According to current law…. According to petition literature, a statute under the Digital Millennium Copyright Act prohibits consumers who have bought mobile phones after January 26 th to unlock their phones for use on a different network; unless they have permission from the carrier. Users could be subject to violating federal laws if they unlock their phones even after their service contract expires. Not all phones are subject to the statute; there are a number of models that are unlocked and can be activated by different carriers.

More than 100,000 people have signed an online petition calling for unlocking cell phones saying the practice is unfair.

Opponents say the law reduces consumer choice and reduces the resale value of the phone. More than 114,000 have signed a petition to change the law.  It’s a petition that is now being backed by the White House. A White House adviser says the administration is now looking into drafting legislation that will allow consumers to unlock their phones if they’ve paid for it and aren’t bound by a service agreement.

Here is a copy of the petition:

WE PETITION THE OBAMA ADMINISTRATION TO:

Make Unlocking Cell Phones Legal.

The Librarian of Congress decided in October 2012 that unlocking of cell phones would be removed from the exceptions to the DMCA.

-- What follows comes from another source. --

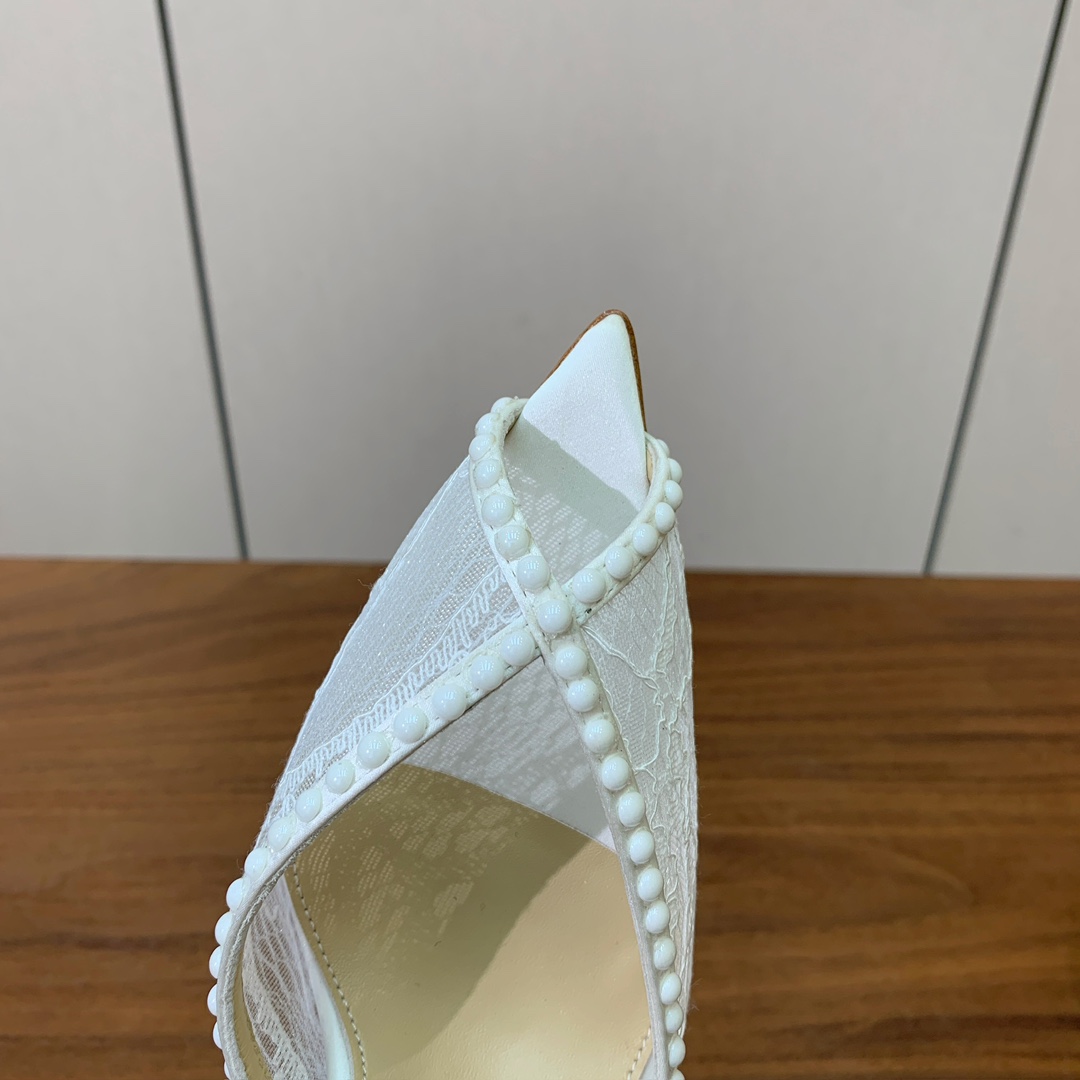 【Anderea Wazen】蕾丝凉鞋。纯手工蕾丝折叠工艺，非常的美，上脚无敌了。鞋面进口真丝+蕾丝。羊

As of  January 26, consumers will no longer be able unlock their phones for use on a different network without carrier permission, even after their contract has expired.

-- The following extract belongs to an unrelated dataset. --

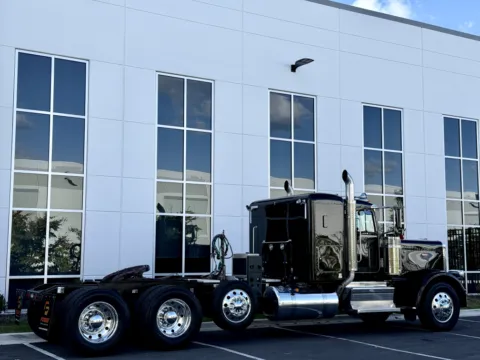 More photos of 2024 PETERBILT 389 at Forge Truck Centers - Illinois, IL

Consumers will be forced to pay exorbitant roaming fees to make calls while traveling abroad. It reduces consumer choice, and decreases the resale value of devices that consumers have paid for in full.

The Librarian noted that carriers are offering more unlocked phones at present, but the great majority of phones sold are still locked.

We ask that the White House ask the Librarian of Congress to rescind this decision, and failing that, champion a bill that makes unlocking permanently legal.